A walk through the forest on a sunny day. A dappled effect. Spots of sunlight break through the canopy above. These portholes to the sky are essentially pathways of energy that trees carefully follow in order to support their systems. Alex Shigo described trees as oscillating pumps that need a constant energy supply to maintain high order. In other words, if sunlight is a highway, trees want to ride it all night long.
In my forest, the understory is dominated by striped maple, Acer pennsylvanicum. The bark on these small trees is stunning. What’s even better though, is the young architecture, how the tree’s structure weaves through and around it’s own little crown, a motionless state of constant swerving motion. Imagine slowing down a dance from minutes to years. And without the leaves in the winter time the veil is lifted from the twig and the bud structure. The tiny little points of apical intentions engaged in a choreography with the sun. And it is a whole production, the dance of the forest. The little buds of the striped maples are tiny dancers. Count the headlights on the highway.

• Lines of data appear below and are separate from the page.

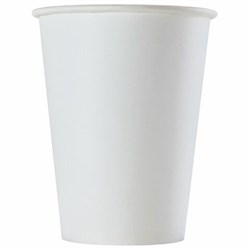 Стакан одноразовый бумажный 200/210 мл, D 70 мм, КОМПЛЕКТ 90 шт., однослойный, белый, холодное/горячее, Ve, ФОРМАЦИЯ, HB70-210-0000 - фото 15059748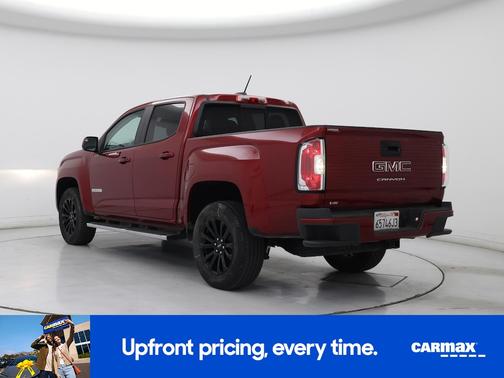 Red 2022 GMC Canyon Elevation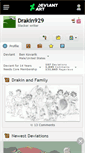 Mobile Screenshot of drakin929.deviantart.com
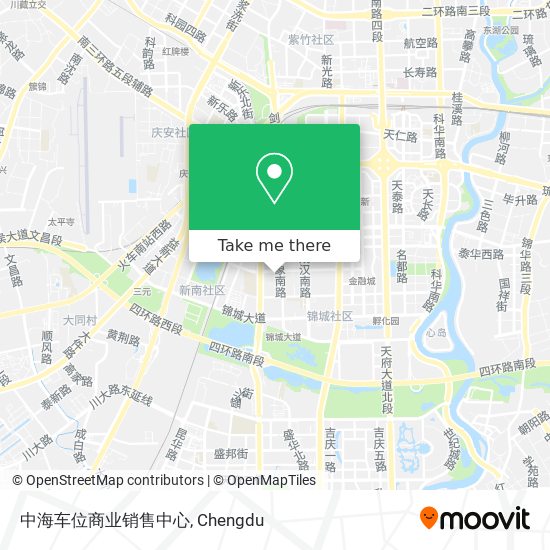 中海车位商业销售中心 map
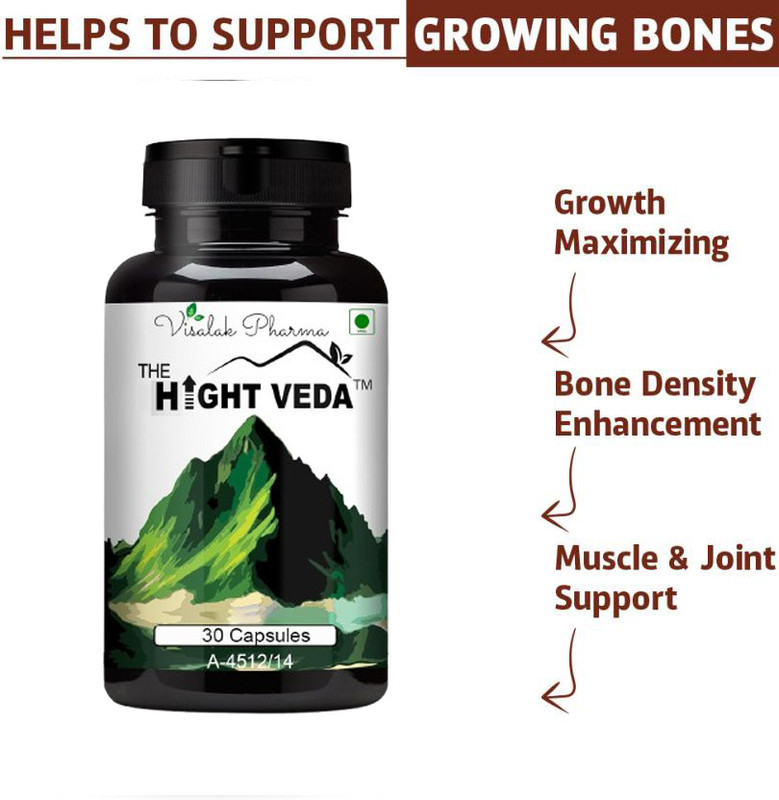 hight veda Height Vedaa Ayurvedic Medicine 30 Caps pack of 1 100% Organic & Natural(30 Capsules)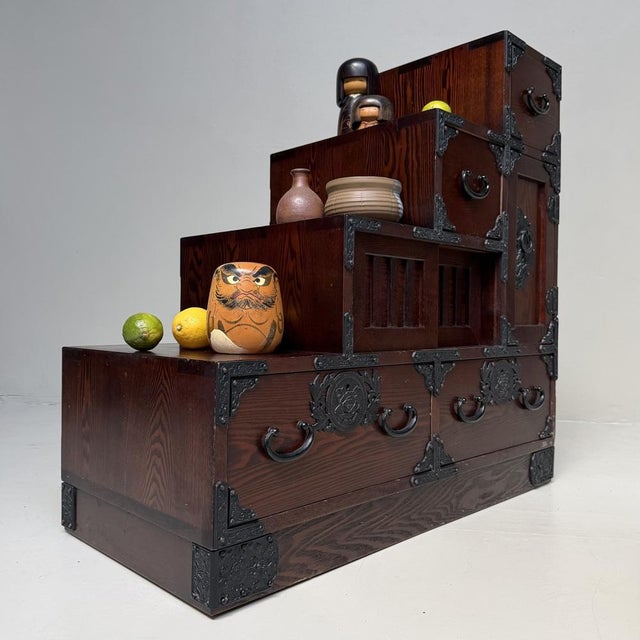 Mid-Century Modern Vintage Japanese Kaidan-Dansu Step Chest, 1970s For Sale - Image 3 of 18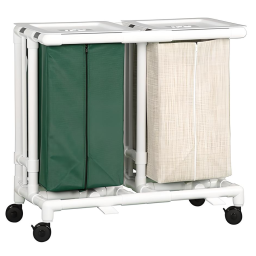 Double Linen Hamper w/ Standard Foot Pedal
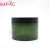 Import 10oz dark green shea butter container with black lid for bath salt from China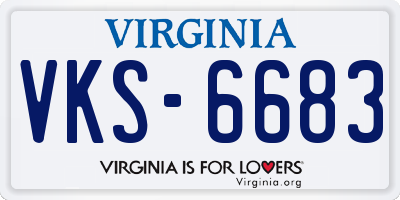 VA license plate VKS6683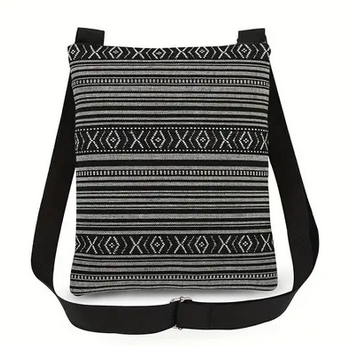 Pug Print Cross Body Bag with Adjustable Strap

When I think about natural energy, harnessing it and transferring it, and how that process applies to tree architecture, both light and electricity come to mind. Like Broadway. Trees move along avenues of light and harmonize within fields of electromagnetic energy. Each cell dividing is like a starburst that trembles the whole universe. At this point, the only first hand experiment I can offer from my own research is a walk through the forest on a dappled sunny day, and a look at the striped maple twigs dancing under those portals to the sky.